Louisiana’s longstanding political and cultural divide used to be north versus south. In the 20th Century, the Catholic southern half would regularly vote Democratic while the Protestant north would vote Republican. There is perhaps no better example of this than the 1960 election — when John Kennedy’s Catholic roots were a major question of the campaign. In the 1960 results, this north-south divide is clear. Almost all of the state’s southern parishes (Louisiana is divided into “parishes” rather than “counties” due to its Napoleonic history) voted for Kennedy while the northern half voted more heavily for Richard Nixon.

The trend is just as vivid in 1964 and successive elections. In the more recent years another trend begins to infiltrate the state’s political divide and eventually come to dominate it: the urban-rural divide. While as recently as 1996, Bill Clinton was able to win large swaths of the rural population, no Democrat would carry rural Louisiana, in particular the ancestrally Democratic Acadiana, since.

Recent Election Trends; a Democratic Victory

In 2000, the Democratic Party’s leftward shift on cultural issues — the environment, abortion, guns — lost them rural Louisiana, and with it, any real chance of winning the state’s electoral college votes. That year, George W. Bush won Louisiana by 8%, a 20% swing from Bill Clintons 12% victory four years earlier. Since 2000, the state has continued its rightward trend — going to Bush by 15% in 2004, McCain by 19% in 2008, Romney by 17% in 2012 and to Trump by 20% in 2016.

In 2016, Hillary Clinton improved on Barack Obama’s 2012 margin in only six parishes. Three of these (Orleans, East Baton Rouge, and Lafayette) are home to three of the state’s four biggest cities. Two (St. Tammany and Jefferson) are in the New Orleans suburbs. And one (East Carroll is in the Mississippi Delta with a population that is 69% black.

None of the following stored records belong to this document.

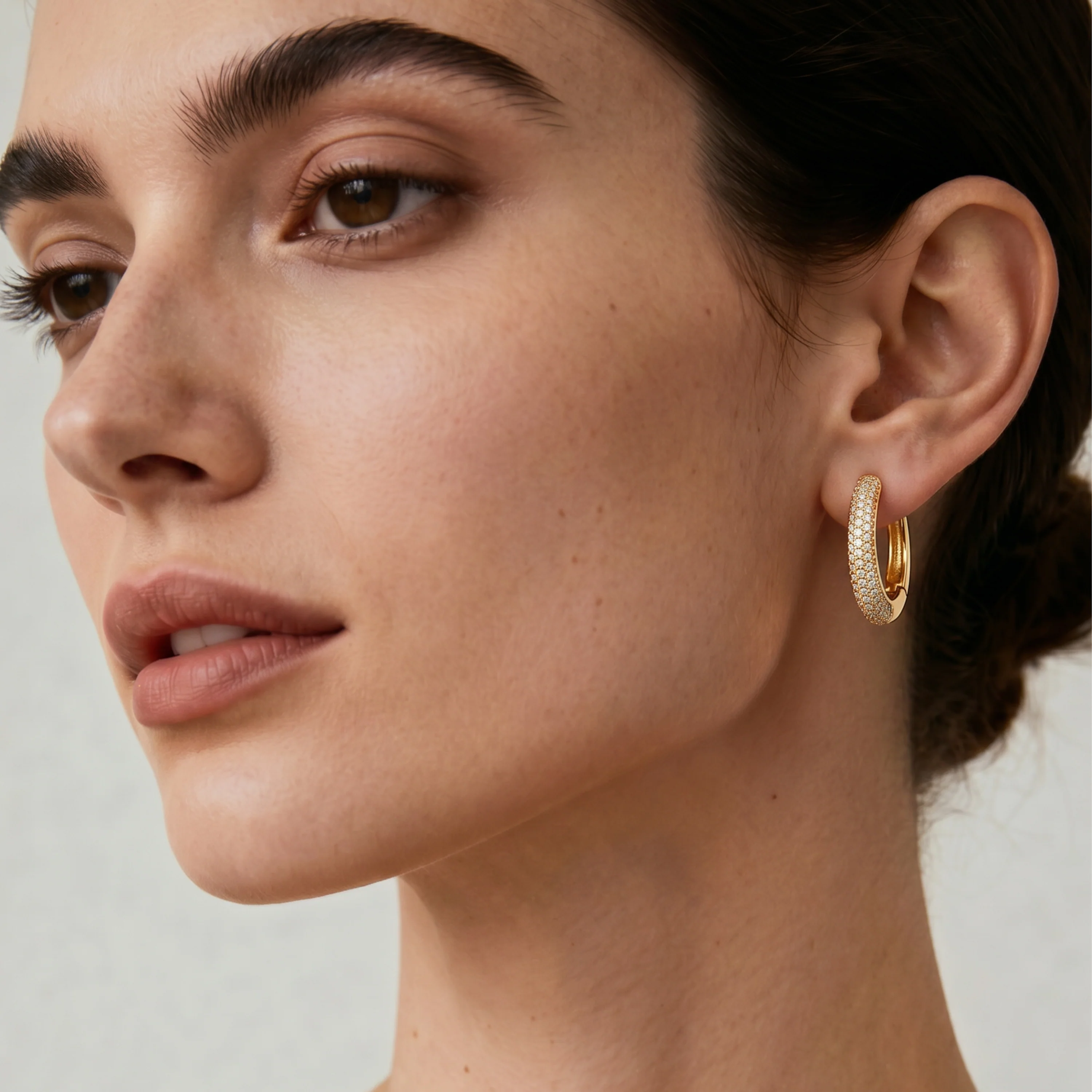Pendientes de Circonita Brillante acabado en oro amarillo de 18k - Irian - Image 4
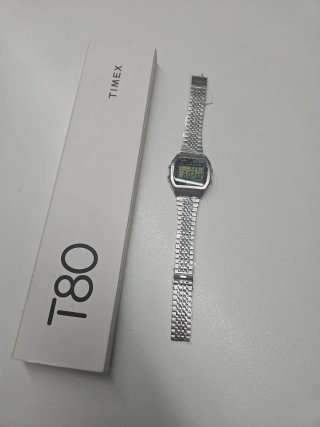 Reloj Timex T80 Plateado
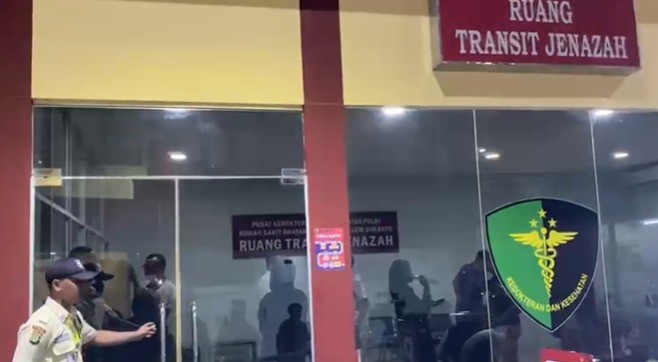 Selesai Dievakuasi, Korban Pesawat Jatuh di BSD Tiba di RS Polri Kramat Jati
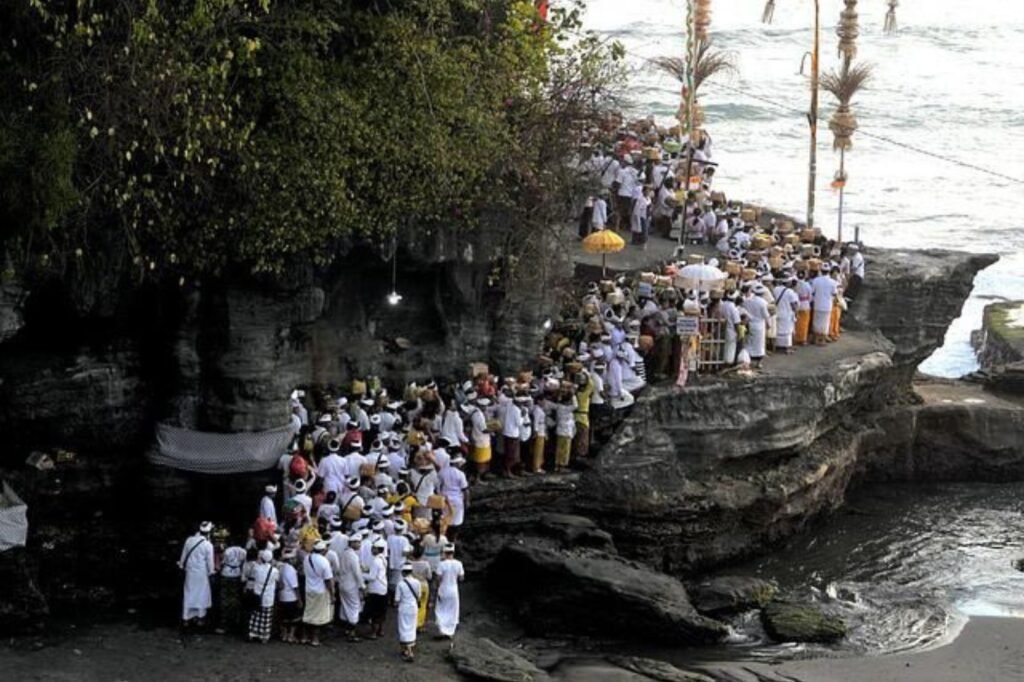 wisata tanah lot bali 1 1024x682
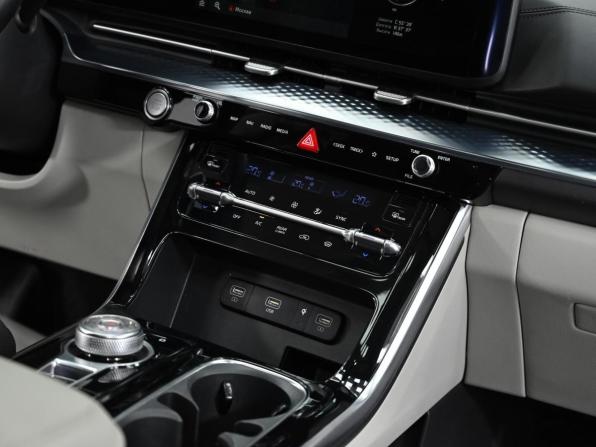 Kia Carnival IV с пробегом 2021 года, цена 3 199 000 рублей, 74000 км, минивэн, Автокод Объявления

The swing in 2016 is in line with the state’s overall trend going back to 2000. Urban areas becoming ever more Democratic and rural ones more Republican. Suburban parishes, like Jefferson Parish outside New Orleans, may still have gone to Trump in 2016, but Democrats are inching closer. The dual demographic shifts of Hispanic and African-American voters moving into the state’s urban and suburban regions and college-educated white voters turning away from the Republican party has pushed the regions towards Democrats. Meanwhile, Republicans have racked up larger totals in the state’s rural regions, overwhelming Democratic gains and making Louisiana a safe bet in presidential years.  

Last year, Democrat John Bel Edwards was able to pull off an unusual victory in the state’s gubernatorial election. Edwards won by increasing the black share of the electorate, increasing margins among college-educated white voters, and holding on to enough rural white voters to not get swamped by them in the final tally. Still, it is far easier to pull voters away from their partisan loyalties in non-federal elections.

J. Miles Coleman of Sabato’s Crystal Ball writes that “the conventional winning formula for a Democrat in Louisiana is 30% of the white vote combined with a 30% black electorate.” Edwards managed to pull off a win using this formula last year, but he was a popular and socially moderate incumbent running in a non-federal election. It’s difficult to imagine any Democrat being able to maneuver the Louisiana electorate so deftly in a presidential election. Given that Joe Biden will almost certainly be unable to thread this needle in the polarized environment of a presidential election, Donald Trump is a safe bet to win Louisiana.